(Available data begins)

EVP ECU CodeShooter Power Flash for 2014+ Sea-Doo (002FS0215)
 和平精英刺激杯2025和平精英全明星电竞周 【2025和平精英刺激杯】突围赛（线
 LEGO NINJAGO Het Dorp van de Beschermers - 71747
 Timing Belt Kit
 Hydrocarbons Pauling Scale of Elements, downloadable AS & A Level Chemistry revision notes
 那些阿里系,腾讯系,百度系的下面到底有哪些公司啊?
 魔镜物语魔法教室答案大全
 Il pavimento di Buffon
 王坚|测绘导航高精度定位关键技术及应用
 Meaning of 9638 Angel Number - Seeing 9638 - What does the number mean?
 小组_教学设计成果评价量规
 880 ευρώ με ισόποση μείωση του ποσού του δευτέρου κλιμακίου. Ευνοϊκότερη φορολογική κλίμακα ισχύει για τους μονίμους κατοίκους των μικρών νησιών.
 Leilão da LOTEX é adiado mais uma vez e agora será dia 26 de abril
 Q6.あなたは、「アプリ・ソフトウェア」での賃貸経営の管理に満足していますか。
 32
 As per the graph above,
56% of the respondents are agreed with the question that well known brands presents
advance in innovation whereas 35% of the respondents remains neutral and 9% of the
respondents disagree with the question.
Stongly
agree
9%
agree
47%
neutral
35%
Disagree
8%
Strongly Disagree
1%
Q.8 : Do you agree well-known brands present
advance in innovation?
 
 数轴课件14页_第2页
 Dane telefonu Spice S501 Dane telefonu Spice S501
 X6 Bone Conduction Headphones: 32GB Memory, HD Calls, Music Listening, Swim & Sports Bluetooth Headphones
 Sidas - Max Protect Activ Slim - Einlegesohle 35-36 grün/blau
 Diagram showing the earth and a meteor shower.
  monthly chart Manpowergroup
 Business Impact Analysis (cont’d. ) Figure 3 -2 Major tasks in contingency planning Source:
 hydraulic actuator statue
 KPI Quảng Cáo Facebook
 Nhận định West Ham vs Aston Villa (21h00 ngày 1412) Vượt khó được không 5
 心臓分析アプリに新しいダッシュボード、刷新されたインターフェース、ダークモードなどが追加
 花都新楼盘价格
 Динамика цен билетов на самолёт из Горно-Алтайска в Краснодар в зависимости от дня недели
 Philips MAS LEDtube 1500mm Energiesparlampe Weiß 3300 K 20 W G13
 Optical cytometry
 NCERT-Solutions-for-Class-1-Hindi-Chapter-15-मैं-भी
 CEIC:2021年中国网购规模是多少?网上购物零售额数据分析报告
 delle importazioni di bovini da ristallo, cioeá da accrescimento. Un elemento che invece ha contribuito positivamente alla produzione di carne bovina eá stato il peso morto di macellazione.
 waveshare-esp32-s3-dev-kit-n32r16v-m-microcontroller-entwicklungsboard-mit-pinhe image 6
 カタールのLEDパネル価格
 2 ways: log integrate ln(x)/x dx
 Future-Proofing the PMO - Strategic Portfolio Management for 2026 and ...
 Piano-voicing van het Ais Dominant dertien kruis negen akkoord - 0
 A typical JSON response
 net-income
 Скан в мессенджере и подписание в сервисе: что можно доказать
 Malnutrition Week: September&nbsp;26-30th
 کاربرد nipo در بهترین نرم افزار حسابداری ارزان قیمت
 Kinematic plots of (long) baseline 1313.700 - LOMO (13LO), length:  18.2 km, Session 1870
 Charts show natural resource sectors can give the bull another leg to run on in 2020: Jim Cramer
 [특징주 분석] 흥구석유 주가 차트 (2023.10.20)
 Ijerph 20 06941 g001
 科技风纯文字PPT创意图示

(Available data ends)

-- Activity --
Each line from the one holding "Kinematic plots of" down to the end of the records above is to be repeated exactly; no other line belongs in the reply.

-- Exercise answer --
 Kinematic plots of (long) baseline 1313.700 - LOMO (13LO), length:  18.2 km, Session 1870
 Charts show natural resource sectors can give the bull another leg to run on in 2020: Jim Cramer
 [특징주 분석] 흥구석유 주가 차트 (2023.10.20)
 Ijerph 20 06941 g001
 科技风纯文字PPT创意图示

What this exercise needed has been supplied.